» Exercise
Please return every line of the material verbatim and skip any images.

Dataset content Block Start

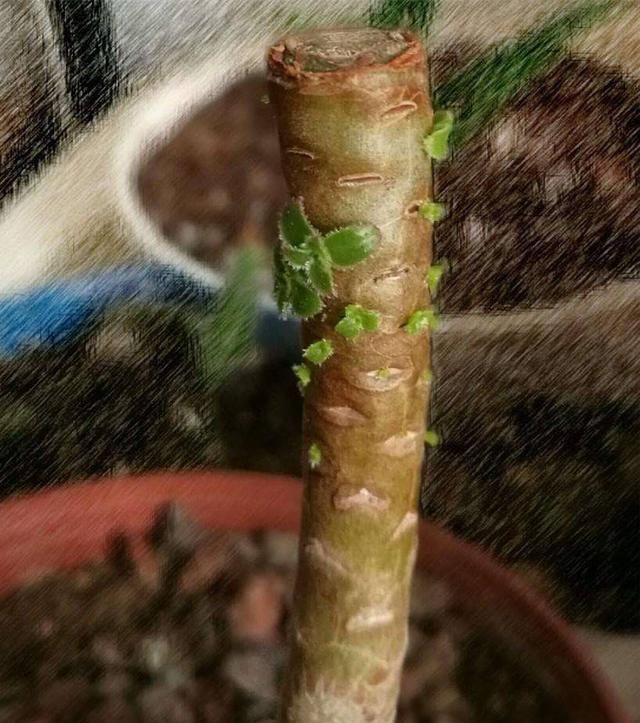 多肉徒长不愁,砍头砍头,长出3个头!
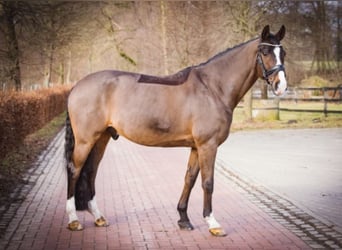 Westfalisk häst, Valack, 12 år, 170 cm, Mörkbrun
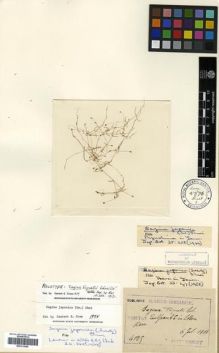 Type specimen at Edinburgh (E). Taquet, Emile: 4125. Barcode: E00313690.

Dataset content Block End

» Written response
 多肉徒长不愁,砍头砍头,长出3个头!
 Westfalisk häst, Valack, 12 år, 170 cm, Mörkbrun
 Type specimen at Edinburgh (E). Taquet, Emile: 4125. Barcode: E00313690.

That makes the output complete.